FTSE falls on weak Chinese data and Antofagasta's earnings miss
Source - SMW
The FTSE 100 slipped into the red as weaker than expected economic data from China and underwhelming trading from Antofagasta hit the mining sector.
The blue-chip index declined 0.4% to 7,611.
Copper cheapened 1.5% to $2.68 per pound, while the price of Brent crude oil was broadly unmoved at $72.61 per barrel.
Antofagasta was down 7% to 886.4p after a disappointing set of half year results with its earnings and dividend payout missing expectations as trade war tensions created short-term uncertainty.
Anglo American fell 2.1% to £16.44 and Randgold Resources retreated 1.3% to £53.02.
UK unemployment fell by 65,000 between April and June to 1.36m. According to the Office for National Statistics, unemployment has not been lower since December 1974 to February 1975.
MID AND LARGE CAP RISERS AND FALLERS
Plastic piping manufacturer Polypipe reported a resilient performance amid mixed marketing conditions and adverse weather, helping the shares advance 6.1% to 376.5p.
Chemicals specialist Elementis enjoyed a 2.5% share price jump to 262.2p following a raft of positive analyst commentary from the likes of JP Morgan, Numis and Berenberg.
Insurer Esure agreed to be bought out by Bain Capital Equity in a £1.21bn deal, helping the shares accelerate 3.9% to 277.6p. Investors overlooked a decline in pre-tax profit from £45.1m a year ago to £36.1m following adverse weather earlier this year.
UK delivery company Royal Mail retreated 1.6% to 454.9p despite being hit with a record £50m fine from Ofcom. Royal Mail reported it is appealing the fine.
SMALL CAP RISERS AND FALLERS
Biotechnology firm SalvaRx entered a conditional sale agreement to sell its interest in subsidiary SalvaRx to Portage Biotech for $67.5m, triggering an 45.7% surge in the stock to 64.9p.
Shares in Realm Therapeutics went in the other direction on the news its atopic dermatitis treatment failed in its Phase II clinical trial, leading to a 50.2% crash to 19.9p.

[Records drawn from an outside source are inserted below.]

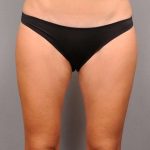 Liposuction Before & After Patient #674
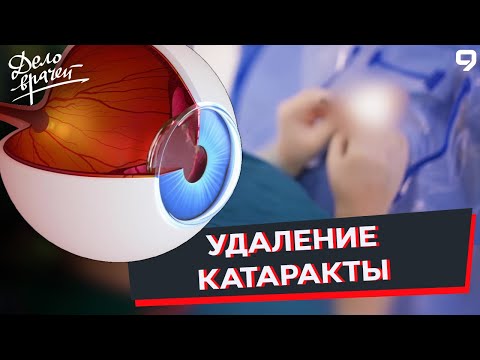 Программа "Дело врачей". Операция по удалению катаракты. Имплантация хрусталика глаза. Астигматизм.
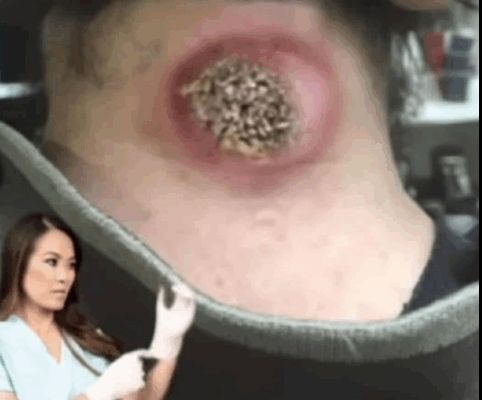 ST. Their acne is severes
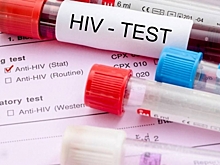 20 тысяч жителей Алтайского края являются носителями ВИЧ-инфекции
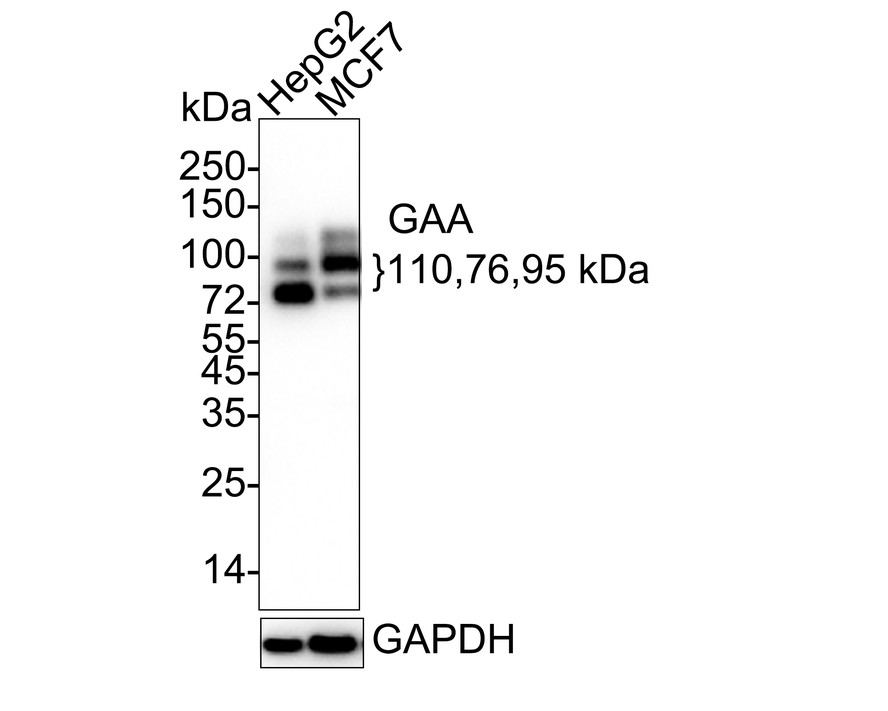 Western blot analysis of GAA on different lysates with Rabbit anti-GAA antibody (ET7110-77) at 1/500 dilution.<br />
<br />
Lane 1: HepG2 cell lysate<br />
Lane 2: MCF-7 cell lysate<br />
Lane 3: Human placenta tissue lysate(20 µg/Lane)<br />
<br />
Lysates/proteins at 10 µg/Lane.<br />
<br />
Predicted band size: 105/76/70 kDa<br />
Observed band size: 99/76 kDa<br />
<br />
Exposure time: 2 minutes;<br />
<br />
6% SDS-PAGE gel.<br />
<br />
Proteins were transferred to a PVDF membrane and blocked with 5% NFDM/TBST for 1 hour at room temperature. The primary antibody (ET7110-77) at 1/1,000 dilution was used in 5% NFDM/TBST at room temperature for 2 hours. Goat Anti-Rabbit IgG - HRP Secondary Antibody (HA1001) at 1:200,000 dilution was used for 1 hour at room temperature.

Avanti Communications gained 8% to 5.8p on confirmation it received $20m following a settlement with the government of Indonesia.
Distributor John Menzies was flat at 645p on a mixed half year update as pre-tax profit rose 15.4% thanks to higher cargo volumes and new contracts, but the value of its newspaper business had to be written down.